The General information about Predictive Model Markup Language (PMML) can be found here:
https://en.wikipedia.org/wiki/Predictive_Model_Markup_Language Its general structure can be found on the DMG consortium:
http://dmg.org/pmml/v4-2-1/GeneralStructure.html The PMML example script at below is taken from the PMML node output of the Boosted Classification Tree model in the Basic_DM_Example workspace. And TreeModel PMML reference(
http://dmg.org/pmml/v4-2-1/TreeModel.html#xsdElement_TreeModel) is used as the guideline for the explanation.
------------------------------------------------------------------------------------------------------------
<PMML xmlns="http://www.dmg.org/PMML-4_2" version ="4.2">
<Header copyright="STATISTICA Data Miner, Copyright 1984-2018 TIBCO Software Inc. All rights reserved."></Header>
------------------------------------------------------------------------------------------------------------
This top session displays the PMML version information, and the header describes the copy right of application that generates the model, in this case, STATISTICA Data Miner.

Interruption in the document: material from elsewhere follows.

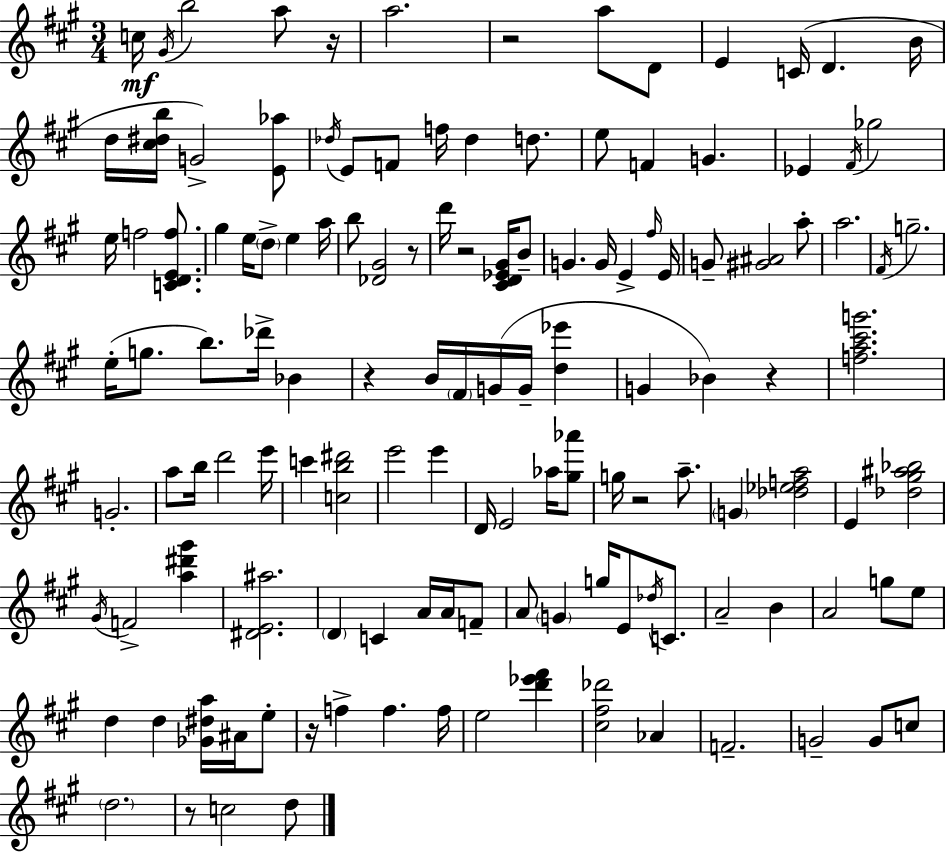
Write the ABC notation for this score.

------------------------------------------------------------------------------------------------------------
DataDictionary numberOfFields="18">
<DataField name="Credit Rating" optype="categorical" dataType="string">
<Value value="bad"></Value>
<Value value="good"></Value>
</DataField>
<DataField name="Duration of Credit" optype="continuous" dataType="double"></DataField>
<DataField name="Amount of Credit" optype="continuous" dataType="double"></DataField>
<DataField name="Age" optype="continuous" dataType="double"></DataField>
<DataField name="Balance of Current Account" optype="categorical" dataType="string">
<Value value="no running account"></Value>
<Value value="no balance"></Value>
<Value value="<= $300"></Value>
<Value value=">$300"></Value>
......
</DataField>
</DataDictionary>
------------------------------------------------------------------------------------------------------------
The DataDictionary sessions describes fields that are specified by the user to be used in mining models with their respective types and value ranges.
------------------------------------------------------------------------------------------------------------
<MiningSchema>
<MiningField name="Credit Rating" usageType="predicted" />
...
</MiningSchema>
---------------------------------------------
The MiningSchema describes all data entered in a model. When there are multiple model selected, each MiningSchema corresponds to a specific model. In contrast, the DataDictionary contains data definitions parsed, which do not vary by model. It is important to keep in mind that the MiningSchema lists the fields that have to be provided in order to apply the model(i.e. the PMML script). A target variable is identified by its useageType being "predicted"/"target". An independent variable is identified by its usageType being "active".
------------------------------------------------------------------------------------------------------------
<TreeModel modelName="BoostTreeModel" functionName="regression" algorithmName="BoostedTrees" splitCharacteristic="multiSplit">
...
<Node score="-8.52058874993726e-003">
<True></True>
<Node score="-3.55882666891956e-002">
<SimplePredicate field="Most Valuable Assets" operator="equal" value="no assets"></SimplePredicate>
</Node>
<Node score="6.77198232180596e-003">
<CompoundPredicate booleanOperator="or">
<SimplePredicate field="Most Valuable Assets" operator="equal" value="life insurance"></SimplePredicate>
<SimplePredicate field="Most Valuable Assets" operator="equal" value="car"></SimplePredicate>
<SimplePredicate field="Most Valuable Assets" operator="equal" value="ownership of house or land"></SimplePredicate>
</CompoundPredicate>
</Node>
</Node>
</TreeModel>
</Segment>
<Segment id="57">
------------------------------------------------------------------------------------------------------------
The TreeModel part describes the definition of a tree model. Under the Node, it defines the splitting rules and splitting predictors.
------------------------------------------------------------------------------------------------------------
<Output>
<OutputField name="TreePredictedValue156" optype="continuous" dataType="double" feature="predictedValue" />
<OutputField name="UpdatedPredictedValue156" optype="continuous" dataType="double" feature="transformedValue">
<Apply function="+">
<FieldRef field="UpdatedPredictedValue155" />
<FieldRef field="TreePredictedValue156" />
</Apply>
</OutputField>
</Output>
------------------------------------------------------------------------------------------------------------
The Output session describes the results that need to be returned from a model.